Last week my latest course was released on Pluralsight that answers all of these questions (and a lot more :)). You can watch it here:

Building an Enterprise App with WPF, MVVM, and Entity Framework Code First

This course teaches you everything you need to know to build a solid enterprise application with WPF that uses MVVM and that connects to a SQL Server database with Entity Framework. You’ll start from the absolute beginning: With “File->New Project” in Visual Studio.

By the end of the course you have created this application to organize friends and meetings. Everything you create in this application is stored in SQL Server with Entity Framework:

If you want to jump into XAML and frameworks like WPF and UWP to build enterprise applications, I recommend you to watch this course about building an Enterprise App with WPF, MVVM, and Entity Framework Code First.

After this course, you can learn how to test your ViewModels with unit tests by watching
WPF and MVVM: Test Driven Development of ViewModels.
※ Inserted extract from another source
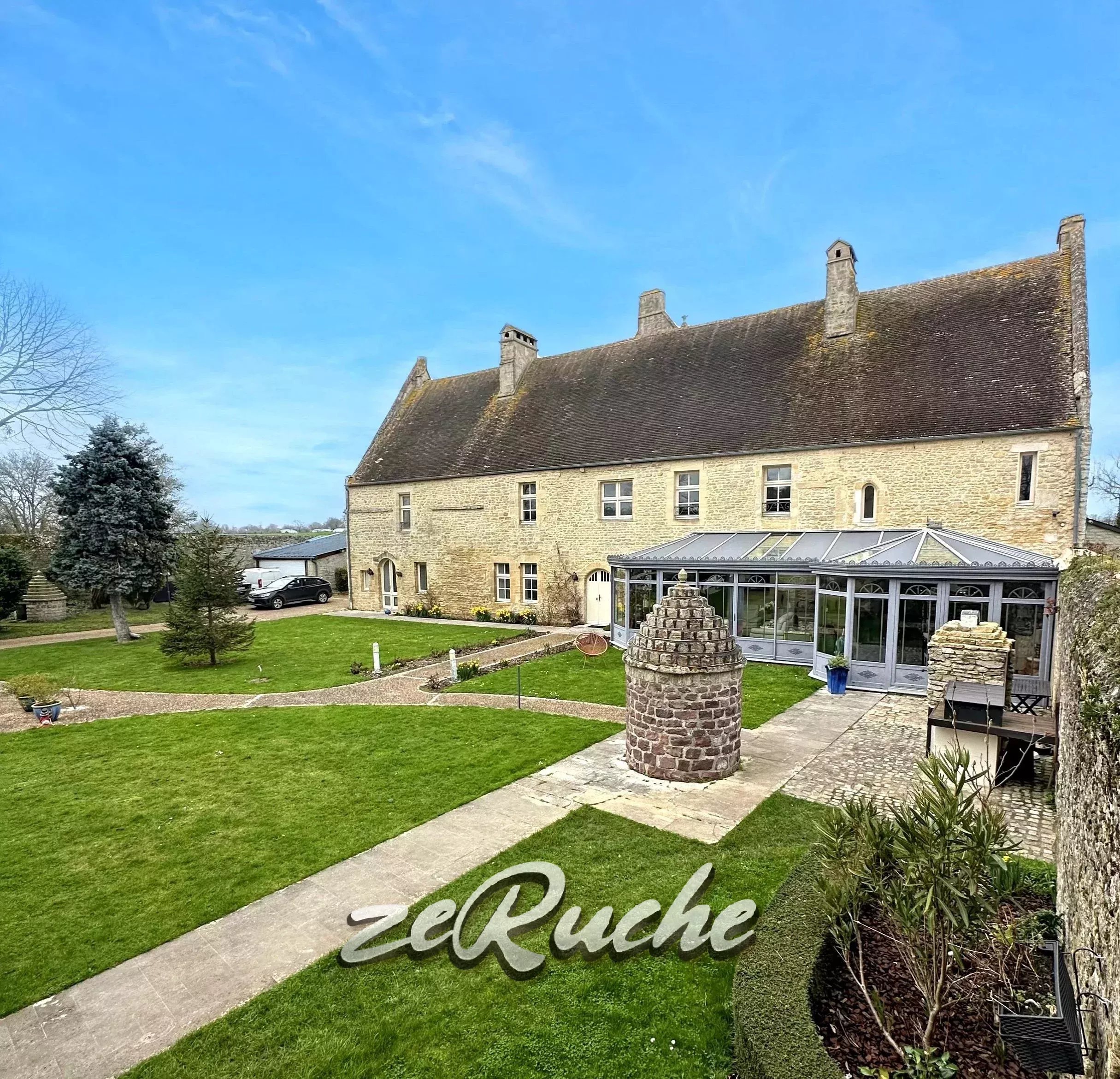 Manoir historique rénové avec prestations haut de gamme, un gîte et plusieurs dépendances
With your solid knowledge, the next thing you can learn is how to create powerful model wrappers that track all the changes made to a model. Just watch this course: WPF and MVVM: Advanced Model Treatment. You’ll learn in this course how to track model changes, so that you can display changed fields in the UI with a different color. You even learn how to display the original value of a changed field in the tooltip. Beside all of this, you learn a lot about XAML, Data Binding, Attached Properties and Styles in this course.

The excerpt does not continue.